There was a lot of discussion on “Trust”, especially in the age of Uber and Airbnb – how have these marketplaces managed to earn so much public and consumer trust in such a relatively short time? Yet as consumers, we obsess about Open Banking vs Data Privacy,  while banks themselves appear to be more infatuated with their Net Promoter Score…. whereas “Trust” is clearly a huge issue. In the case of the banks and the fall out from the Royal Commission, there was a discussion about whether our key financial institutions have come close to losing their social license to operate.

Meanwhile, with the prospect of self-sovereign digital identity becoming a practical reality (fuelled by blockchain, decentralisation and trust-less protocols and standards), there is a demand for cross-functional  (and cross-border) solutions for KYC/AML processing and identity management. But a lack of mutual regulatory recognition or harmonization (as opposed to “mere” industry standards) plus a diversity of business models confounds regulatory harmony, often within a single jurisdiction, let alone across multiple markets.

When it comes to payments and the NPP, it’s clear that regulation lags technology.

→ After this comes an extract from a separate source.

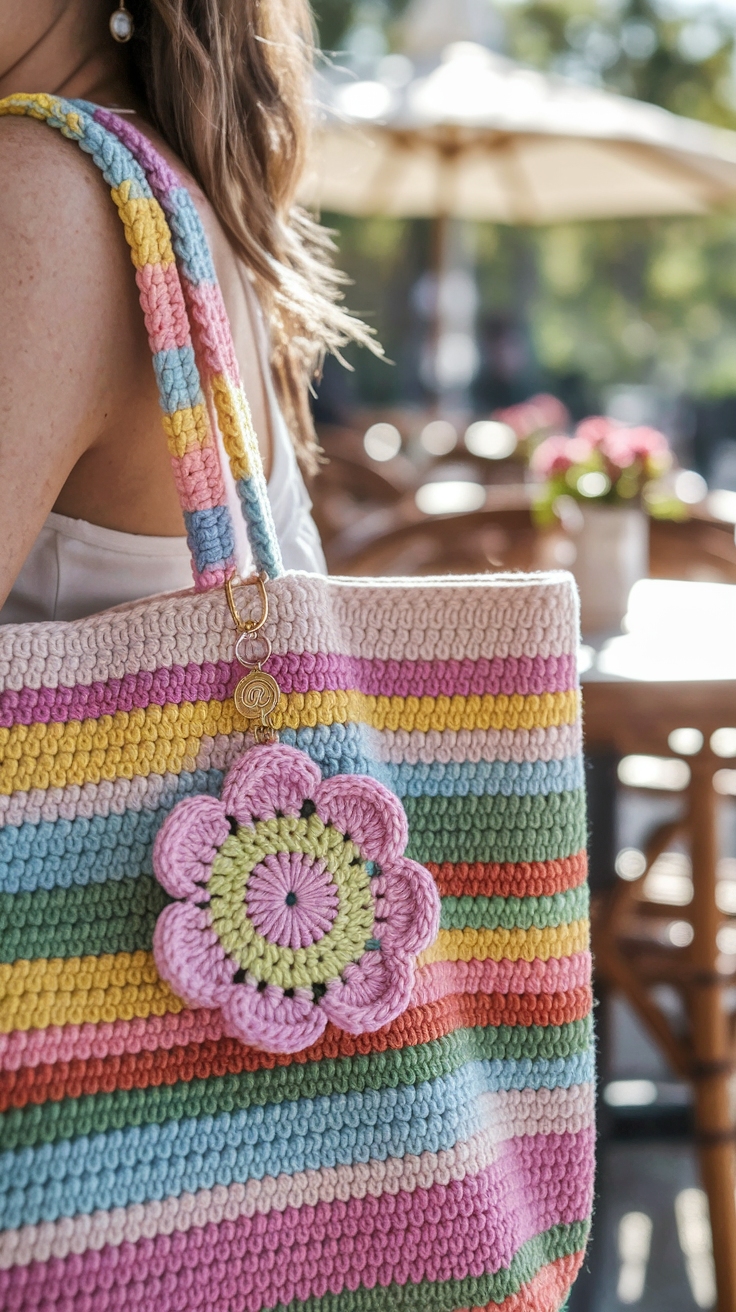 Charming Crochet Flower Bag Charm Designs to Try outfit idea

For example, despite the existence of a (complex and somewhat uncertain) licensing regime for purchased payment facilities, APRA has only licensed one such PPF – PayPal. As former ASIC Chairman, Greg Medcraft once observed, by the time the NPP is fully operational, Blockchain will have gotten there long beforehand. And given the preponderance of stored value cards, digital wallets, peer-to-peer crypto exchanges, and multiple overseas and cross-border mobile payment apps, the respective regulatory roles of RBA, APRA, AUSTRAC, ATO and ASIC need to be clearly defined and set out.

On the topic of data protection and “big data”, there was a lot of discussion about getting the balance right between privacy and innovation. One the one hand, industry incumbents should not be allowed to use their market dominance to resist open banking and stifle the emergence of neo-banks; but on the other, there is a need to shelter the forthcoming consumer data right (CDR) from potential abuse like predatory lending (e.g., not simply define the CDR standards by reference to existing banking products and services) – mainly because the CDR is designed to empower consumers (not embolden the industry), and it is designed to be sector neutral (i.e., equally applicable to utilities, ISPs, telcos, insurance firms).

Other topics included SME lending, where new, tech-driven providers are not only originating new loans, but also refinancing existing businesses as the big 4 banks are seen to withdraw from this market; home loans (where technology is driving new loan origination, funding and distribution models); social impact (“FinTech for good”); equity crowdfunding (and the role of STOs); insurance (creating a decentralised market place) and Superannuation (which prompted perhaps the most contentious panel discussion – more on that to come!).

If there were any criticisms of the conference, based on local and overseas delegates I spoke to, they related to the length (was there enough content to sustain nearly 3 days?); the need for clearer roles and participation by the major and regional banks; the absence of investors (despite a speed-dating matching event….); and a desire to see a broader range of speakers and panelists (too many of the “usual suspects”?).